In comparison to this, European government officials which monitor these numbers note that almost one-third of male jihadists have escaped the clutches of IS are on their way back from Syria.
According to researchers, many women and girls are unable to escape from the warzone – even if they realise they have made a huge mistake.
The girls who leave the west to join IS are married off straight away, either in Turkey or when they cross into Syria. There are around 20,000 foreign fighters and approximately 5,000 European fighters in Syria, so there is no shortage of men looking for wives. That number is expected to double by the end of 2015.
Sara Khan, a British Muslim whose group Inspire campaigns against the dangers of extremist recruiters, told the Associated Press: "It's so romanticized, the idea of this utopia. I don't even think those young girls have necessarily considered that there's no way back now."
The women are not allowed to travel without a male, if they do they could face punishment, according to material IS published.
Sterlina Petalo is a Dutch teenager who converted to Islam, and came to known as Aicha. She travelled to Syria in 2014 to marry a Dutch jihadi fighter there and managed to return months later – it is assumed she made her way to Turkey, where her mother picked her up and brought her back to the Netherlands. Back home, she was immediately arrested on suspicion of joining a terror group.
A 25-year-old Briton, who police did not name also made her way back to the UK along with her toddler that she took all the way to Raqqa. She decided she made a mistake and called home, she made her way back to Turkey and called her father there who met her there. In the UK she was detained and charged but is now free on bail.
Currently 60 British women and girls have fled the UK to become jihadi brides, including three girls from Bethnal Green in East London who ran away in February.
Amira Abase, 15, Shamima Begum, 15, and Kadiza Sultana, 16, were captured on CCTV before arriving in Syria.
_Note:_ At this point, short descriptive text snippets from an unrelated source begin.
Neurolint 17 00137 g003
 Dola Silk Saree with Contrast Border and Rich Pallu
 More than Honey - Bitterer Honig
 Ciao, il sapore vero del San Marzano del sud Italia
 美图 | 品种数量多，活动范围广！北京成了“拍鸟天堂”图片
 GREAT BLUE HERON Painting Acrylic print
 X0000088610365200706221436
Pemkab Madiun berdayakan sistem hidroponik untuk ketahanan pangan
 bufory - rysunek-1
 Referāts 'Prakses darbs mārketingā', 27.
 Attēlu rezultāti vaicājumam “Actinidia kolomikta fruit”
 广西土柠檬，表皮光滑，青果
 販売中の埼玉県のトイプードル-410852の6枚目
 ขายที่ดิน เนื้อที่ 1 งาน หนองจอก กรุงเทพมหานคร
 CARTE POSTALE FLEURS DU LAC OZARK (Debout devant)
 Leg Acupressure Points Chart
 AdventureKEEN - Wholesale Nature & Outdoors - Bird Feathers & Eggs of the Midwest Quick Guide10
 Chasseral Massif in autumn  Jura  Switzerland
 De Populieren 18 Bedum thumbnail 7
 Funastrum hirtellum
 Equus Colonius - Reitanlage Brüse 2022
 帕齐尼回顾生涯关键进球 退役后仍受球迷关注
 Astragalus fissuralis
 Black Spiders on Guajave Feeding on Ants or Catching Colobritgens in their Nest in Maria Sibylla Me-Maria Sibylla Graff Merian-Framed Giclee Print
The video was recorded on 17 February, the day the three friends left their homes in East London, after telling their families they would be out for the day.
They are now believed to be living in the IS stronghold Raqqa, however reports suggest that they have been separated and possibly married off to fighters as jihadi brides.
These three girls left the UK on their own free will and are now apparently are being trained for "special missions' and are likely to die in the Middle East as suicide bombers Um Asmah, a Islamic State commander who is now on the run, told Sky News.
Um Asmah said the girls were "very, very happy" on arrival and had been laughing and smiling, but they were unprepared and had little experience of living permanently veiled and under the strict regime.
Their fate has already been determined by the terror group, she explained, adding: "Everything is already decided for you and you cannot evade it or refuse it. You cannot have a mind of your own," Asmah told Sky News.
She said the Bethnal Green trio are special to the terror group, but the extremist group has plenty more foreign girls, with more joining each month.
Now on the run, Um Asmah says she will be killed if she is ever caught by IS fighters. "I am a traitor and an unbeliever now," she said. "I am scared every minute and of everyone I meet."